Using Metadata to validate data

Since metadata describes the format of the data and where to find it on disk, it is used by the NITE software to validate the data as it is loaded and edited. This sort of direct validation is useful, but we also provide schema validation of data using a schema derived automatically from the metadata (via a stylesheet).

Assuming you have already downloaded and installed NOM, you already have the schema-generating stylesheet (it's in the lib directory). Armed with this and a stylesheet processor (xalan is also in the NOM distribution), you can run this command on your metadata file:

java org.apache.xalan.xslt.Process -in <your-metadata> -xsl generate-schema.xsl -out extension.xsd

If you have a schema validator (I use xsv) you are now ready to validate some data files. Try putting these declarations:

xmlns:xsi="http://www.w3.org/2001/XMLSchema-instance"
xsi:noNamespaceSchemaLocation="extension.xsd"
			

in the root element of your data file and then execute:

xsv <your-file>

One of the major reasons behind this approach to schema validation is that we can validate data that is either a single file "as-serialized" by NITE, or files that have been transformed to replace their nite:child elements with the pointed-to elements recursively, and also replacing pointers with their actual elements. This is useful for validating the types of elements that can be children of a specific element and pointed to by that element. In this way an entire corpus could be schema validated. You have a stylesheet that does this transformation in the lib directory of your NOM distribution.
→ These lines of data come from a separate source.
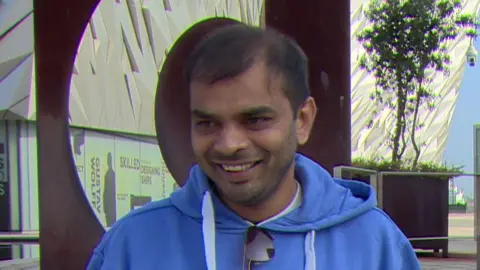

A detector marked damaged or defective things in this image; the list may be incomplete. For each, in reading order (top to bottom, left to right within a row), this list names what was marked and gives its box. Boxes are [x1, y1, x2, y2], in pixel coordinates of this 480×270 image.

rusted metal sculpture [33, 0, 348, 268]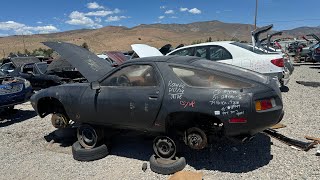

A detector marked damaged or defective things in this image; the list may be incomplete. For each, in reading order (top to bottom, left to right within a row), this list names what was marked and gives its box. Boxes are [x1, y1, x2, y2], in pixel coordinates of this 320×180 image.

wrecked car [0, 70, 32, 111]
wrecked car [30, 41, 284, 160]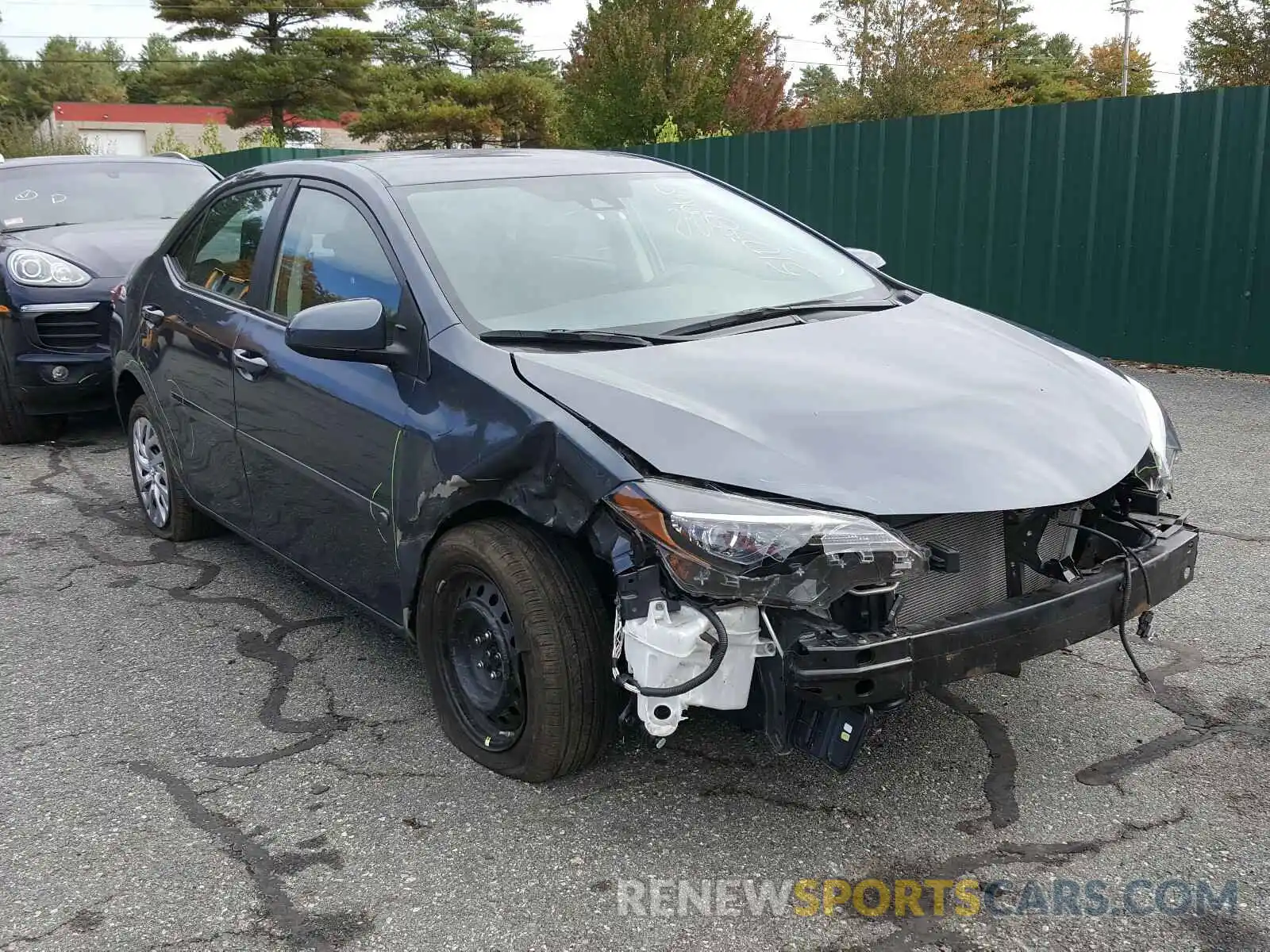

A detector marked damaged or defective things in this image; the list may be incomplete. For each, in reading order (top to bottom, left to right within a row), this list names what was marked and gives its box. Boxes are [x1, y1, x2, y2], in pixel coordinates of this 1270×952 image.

crumpled hood [3, 219, 176, 282]
damaged gray sedan [111, 151, 1199, 781]
crumpled hood [510, 297, 1158, 515]
broken headlight [1133, 375, 1178, 495]
broken headlight [604, 479, 924, 606]
crack in asphalt [934, 685, 1021, 832]
crack in asphalt [128, 762, 371, 952]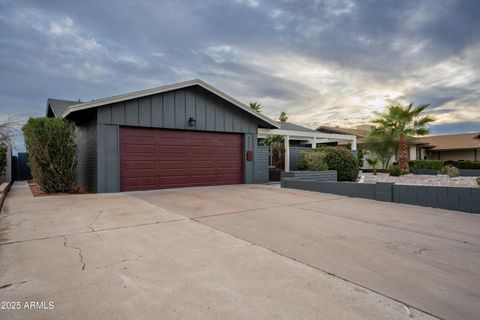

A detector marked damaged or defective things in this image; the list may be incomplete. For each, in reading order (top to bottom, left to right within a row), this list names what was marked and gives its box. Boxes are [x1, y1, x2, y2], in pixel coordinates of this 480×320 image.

If this all seems rather involved, and your data already loads into the NOM, the program PrepareSchemaValidation.java will make a new directory for you which is fully ready for schema validation.

Validation limitations

  • all stream elements must be named nite:root;

  • all ID, Start and End time attributes must use the NITE default names: nite:id, nite:start and nite:end.

  • all children and pointers must use XLink / XPointer style links.

  • stream elements will be permitted to contain inadvisably mixed elements (so long as all those elements are valid and defined themselves)